I'm starting to dabble in language theory, regular expression & infinite words.

I'm not quite sure I completely get the meaning of this expression:

$(a + b)^\omega$

$^w$ meaning infinite repetition, I'm not positive it's standard syntaxe or just our class.

My main question is - do I have to "settle" on either a or b after some position in the infinite word? $abbbbaab^\omega$ would be fine but not $abbbbaa[ a | b]^\omega$ (e.g. I keep having either a or b infinitely)? My understanding is that an English translation would be "you must either have a, or b, at any given position indefinitely". So the + would be like a or condition, essentially.

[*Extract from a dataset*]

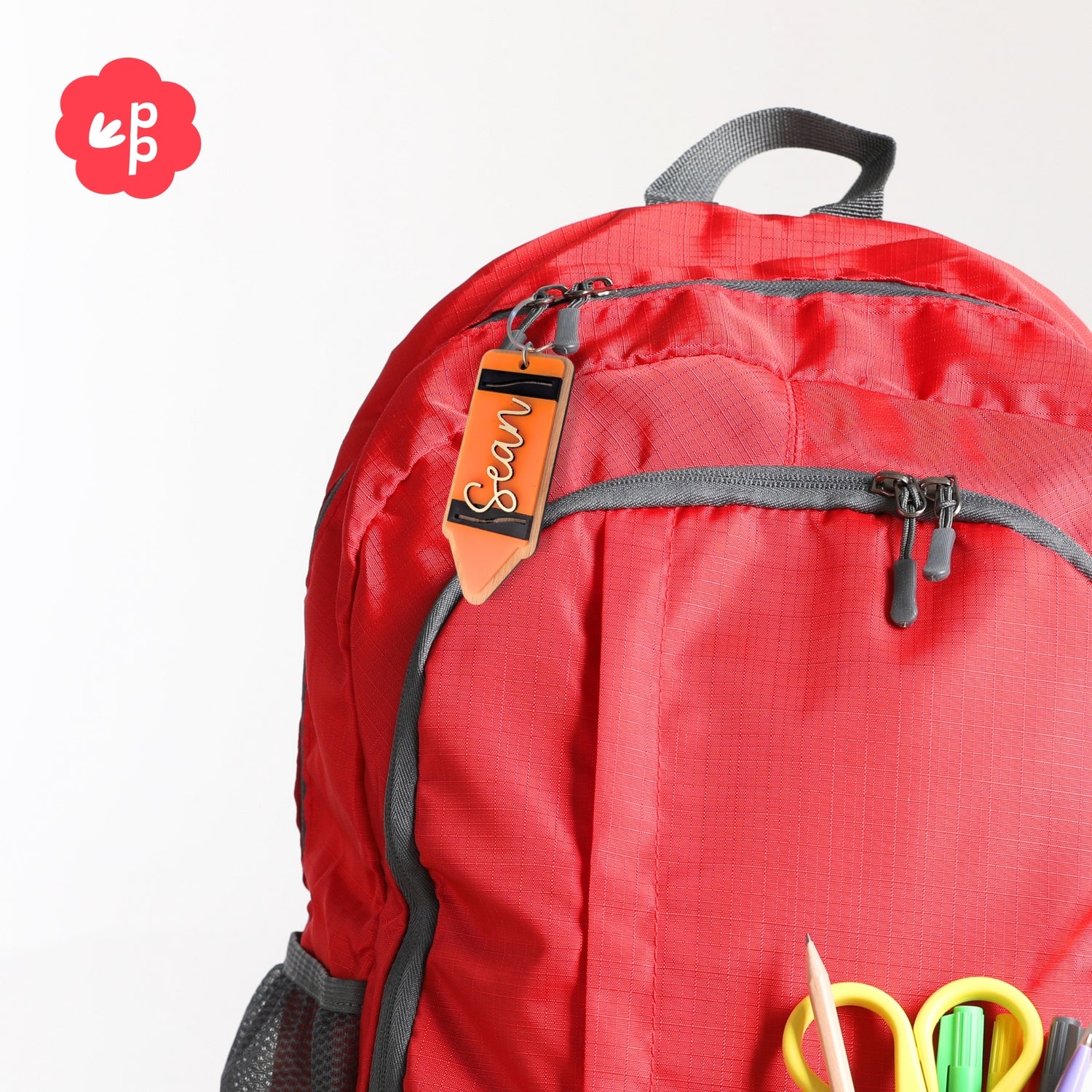 Personalised pencil bag tag keyring attached to school backpack, custom name label for kids, students and teachers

Expending on that, then $((a+b)(c+d))^\omega$ would accept any alternating patter of (a or b)(c or d), e.g. things like acbcbcadad... but again wouldn't have to "settle" on either $(ac)^\omega$ or $(ad)^\omega$ or $(cc)^\omega$ etc...

  • $\begingroup$ $r^\omega$ is defined very similarly to $r^*$, only you are now taking infinitely many words and concatenating them. See for example Wikipedia. $\endgroup$ Commented Feb 5, 2019 at 16:19
  • $\begingroup$ It's omega, not w. $\endgroup$ Commented Feb 5, 2019 at 16:24
  • $\begingroup$ Corrected - yeah that would have looked pretty noob. $\endgroup$ Commented Feb 5, 2019 at 16:41

2 Answers 2


For a language $L$ not containing $\epsilon$, $L^\omega$ is obtained by concatenating infinitely many words from $L$: $$ L^\omega = \{ w_1 w_2 \ldots : w_1,w_2, \ldots \in L \}. $$ The words can be arbitrary words from $L$. In particular, $\Sigma^\omega$ consists of all $\omega$-words over $\Sigma$.

When $\epsilon \in L$, then the definition is the same, but we only accept a resulting word if it is infinite. This is equivalent to removing $\epsilon$ from $L$, or to require that at most finitely many of the words are $\epsilon$.

Compare this to the definition of $L^*$: $$ L^* = \{ w_1 w_2 \ldots w_n : n \in \mathbb{N}, w_1,w_2,\ldots,w_n \in L \}. $$ Here also, the words need not be the same.

  • $\begingroup$ Ah - so the key part would be " The words can be arbitrary words from L ". So in essence, since (for the 2nd example) ac and bc and bd are arbitrary words from L, it does imply I do not need to "settle" on either ac or bc or bd indefinitely. $\endgroup$ Commented Feb 5, 2019 at 16:26

The notation is standard but it's an omega ($\omega$, the first infinite ordinal; basically, the infinity in "There are infinitely many natural numbers"), not a $w$ (the 23rd letter of the Latin alphabet).

Both as a closure operator applied to languages and as an operator in $\omega$-regular expressions, $^\omega$ is directly analogous to ${}^*$, except it denotes the concatenation of infinitely many things, rather than any finite number of them.